Constructing Solutions

Green building advotes talk trashca

(Jan. 25, 2007)  Making a building is a loud undertaking. Drills whine and hammers strike up an odd beat, quickening at the end of each sequence to drive the nails flush. Compressors kick, their motors changing pitch. The low light of a gray day is just enough to illuminate the dust. Finishing time at the emerging store - the new Eureka Natural Foods building on Broadway - calls for lifts to lengthen the reach of men installing large lighting fixtures. The final touches of many hands brush over the building.

Across the room, a forklift is prepared to lower another load from upstairs. Intermittently, near posts and walls, bags of trash, or not, aren’t very full. The can for lunchtime trash is obvious, with to-go cups spilling over. Afraid to look up or down I only barely trust the professionals to see me safely through this danger zone. Carefully, I navigate my path through the room’s center to avoid any tools, scraps or sharp objects over my head.

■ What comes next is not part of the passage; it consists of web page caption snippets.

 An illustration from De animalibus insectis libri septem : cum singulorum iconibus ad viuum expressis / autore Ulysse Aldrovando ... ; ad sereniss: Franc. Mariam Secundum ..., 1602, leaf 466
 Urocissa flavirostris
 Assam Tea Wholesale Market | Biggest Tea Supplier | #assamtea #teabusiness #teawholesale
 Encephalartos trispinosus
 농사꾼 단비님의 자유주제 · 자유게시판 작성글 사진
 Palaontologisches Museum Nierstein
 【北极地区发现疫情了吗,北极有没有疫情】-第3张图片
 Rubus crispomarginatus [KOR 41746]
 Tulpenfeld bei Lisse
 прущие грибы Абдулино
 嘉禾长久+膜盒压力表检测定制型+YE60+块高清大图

Organic House Construction’s Paul Bias at work on a new home. Photo by Cynthia Gilmer.
GALLERY >

I came to scavenge the trash, to uncover how the output flows from this new construction site. Looking around, a pile of wood on a pallet is the centerpiece of the empty floor. At this site, Pacific Builders uses a bag and pile system. For small debris, clear bags hold recycling and black bags are for garbage. In the lot, piles of concrete, wood and steel await recycling. Inside the fence, alongside the superintendent’s trailer, building supplies are scattered into piles.

“Things are pretty well-maintained, recycling wise,” says job superintendent Chris Carlotti of Pacific Builders. “It’s an ongoing process to keep everyone up to speed.” He’s down for it, though. He thinks it’s great that their scraps find a home instead of going to a landfill.

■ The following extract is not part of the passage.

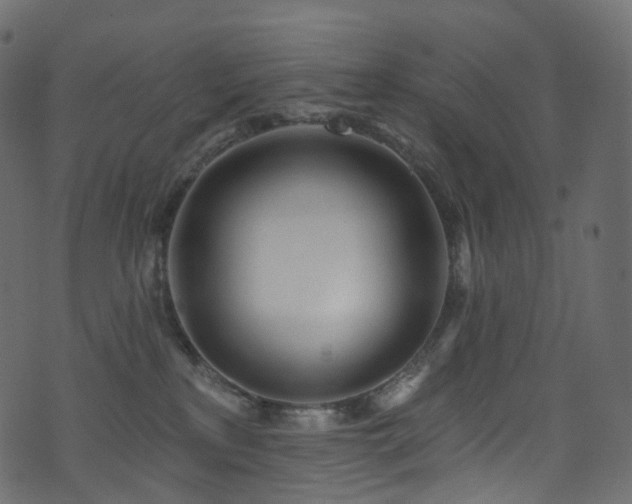 X0000074240233200608251146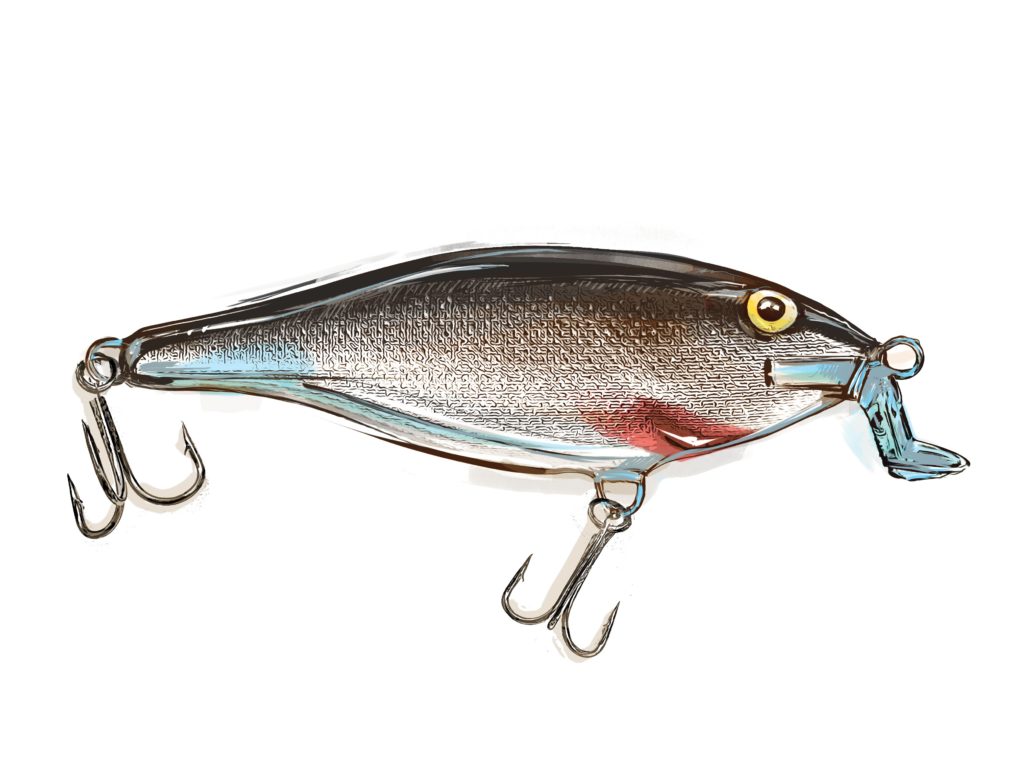 A lipped plug is perfect for targeting inshore fish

His assistant, Darl Miller, says, “When it first started it was hard, but now we know.”

Construction workers aren’t famous for recycling. The only “green” they are typically after is their paycheck. But the trend is shifting nationally. Some local industry professionals figured that out, and the paychecks are fattening up, too.

This recycling effort is part of a larger movement. Green building is a new buzz word in the industry, but soon will become a standard. In 1989, the state of California passed the Integrated Waste Management Act (Assembly Bill 939). This legislation required all jurisdictions to divert half of their solid waste by the year 2000. Arcata made its numbers in 2003, but Eureka lags with a 35 percent diversion rate. We’re doing all right locally, but the California Integrated Waste Management Board recently targeted construction and demolition waste as a portion of the waste stream that needs attention. They want municipalities to have a program.

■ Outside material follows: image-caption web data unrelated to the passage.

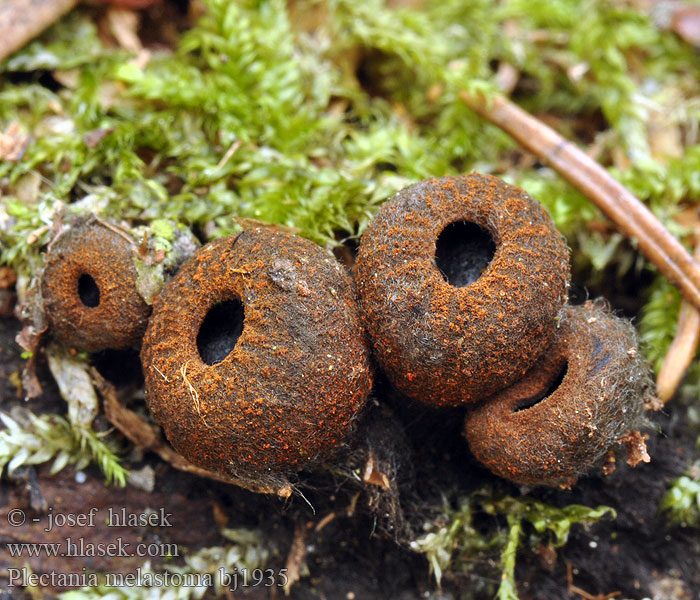 Ohnivec černý Schwarzmündiger Kelchbecherling Плектания черноротая Pakorienkovka čierna Rustbæger Punareunamaljakas Zwarte matjesbekerzwam Kis kehelygomba Black cup fungus Rustrandpokal Kustrzebeczka czarna Plectania melastoma Urnula Bulgaria Calycina Lachnea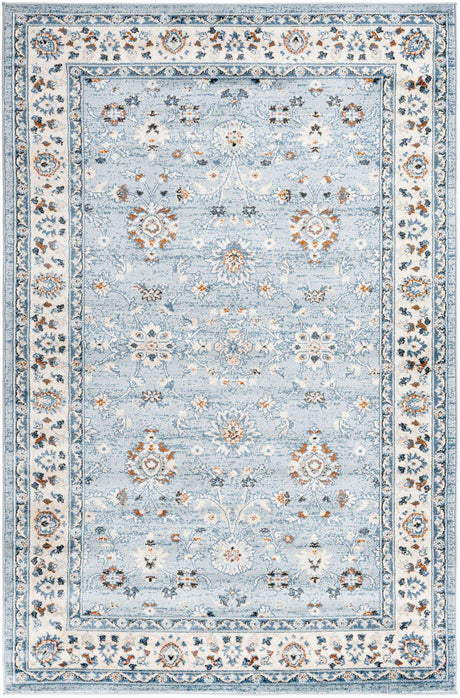 Aqua Blue 5' 3 x 8' Charlotte Rectangle Area Rug 100% Polypropylene With Jute Backing Traditional Classical Durable Carpet for Living Dining Office Rooms for Sale at Rug Engine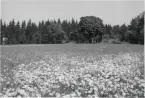 Dalskog, Perstorp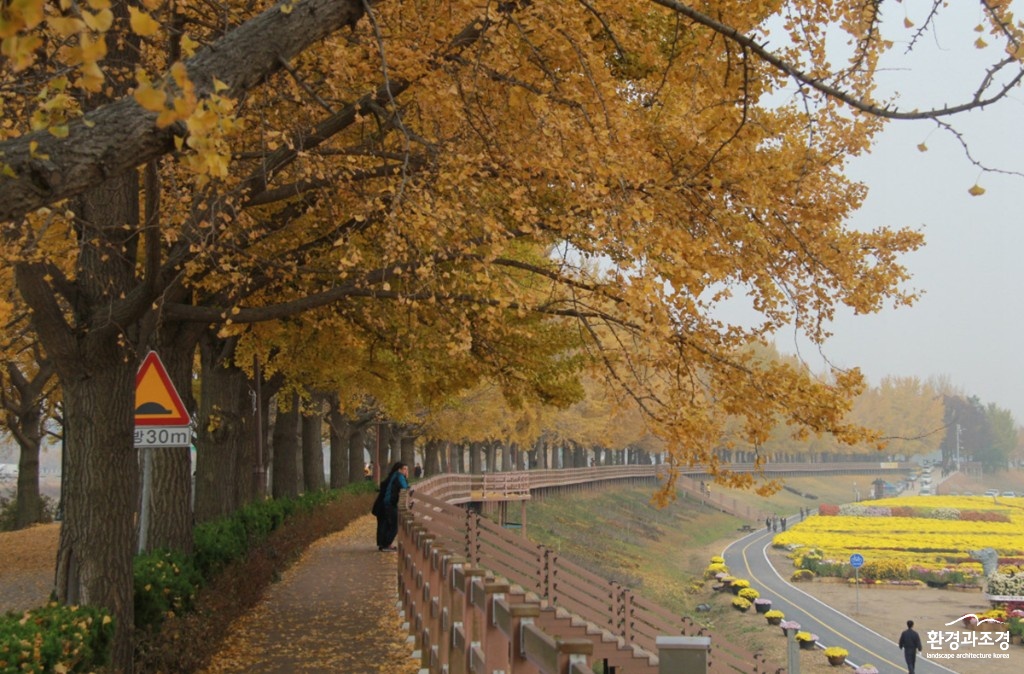 아산시 은행나무길 보도.jpg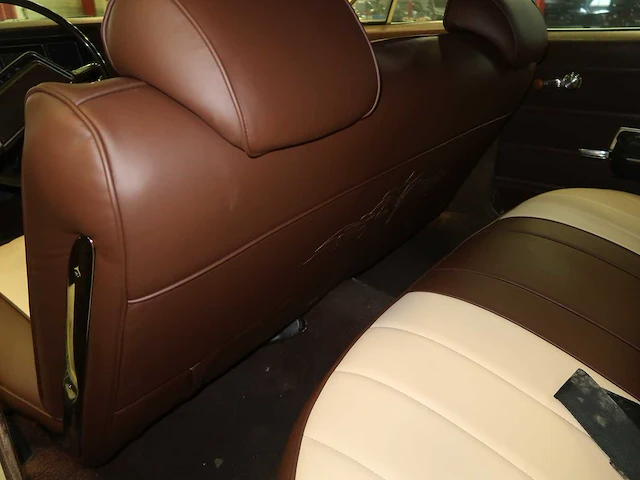 Buick veldleeuwerik - afbeelding 51 van  76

Construction and demolition waste accounts for nearly a quarter of the waste stream. Steve Salzman, a project manager with the Eureka engineering firm Winzler & Kelly, says that 2.8 pounds of construction and demolition waste is produced per person every day. Louise Jeffery, project manager for the Humboldt County Waste Management Authority, estimates that there is a little over 100,000 tons of construction and demolition debris produced in the county annually.